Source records
○ ○ ○
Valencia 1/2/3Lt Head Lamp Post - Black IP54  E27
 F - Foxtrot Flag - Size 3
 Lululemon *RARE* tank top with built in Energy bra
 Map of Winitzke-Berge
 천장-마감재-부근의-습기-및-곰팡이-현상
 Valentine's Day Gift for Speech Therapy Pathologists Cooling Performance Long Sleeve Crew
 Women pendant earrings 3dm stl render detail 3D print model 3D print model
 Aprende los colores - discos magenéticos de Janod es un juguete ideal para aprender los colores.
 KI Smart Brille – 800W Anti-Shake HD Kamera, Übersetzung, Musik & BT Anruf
○ ○ ○
Copy the data exactly as it was presented.

Valencia 1/2/3Lt Head Lamp Post - Black IP54  E27
 F - Foxtrot Flag - Size 3
 Lululemon *RARE* tank top with built in Energy bra
 Map of Winitzke-Berge
 천장-마감재-부근의-습기-및-곰팡이-현상
 Valentine's Day Gift for Speech Therapy Pathologists Cooling Performance Long Sleeve Crew
 Women pendant earrings 3dm stl render detail 3D print model 3D print model
 Aprende los colores - discos magenéticos de Janod es un juguete ideal para aprender los colores.
 KI Smart Brille – 800W Anti-Shake HD Kamera, Übersetzung, Musik & BT Anruf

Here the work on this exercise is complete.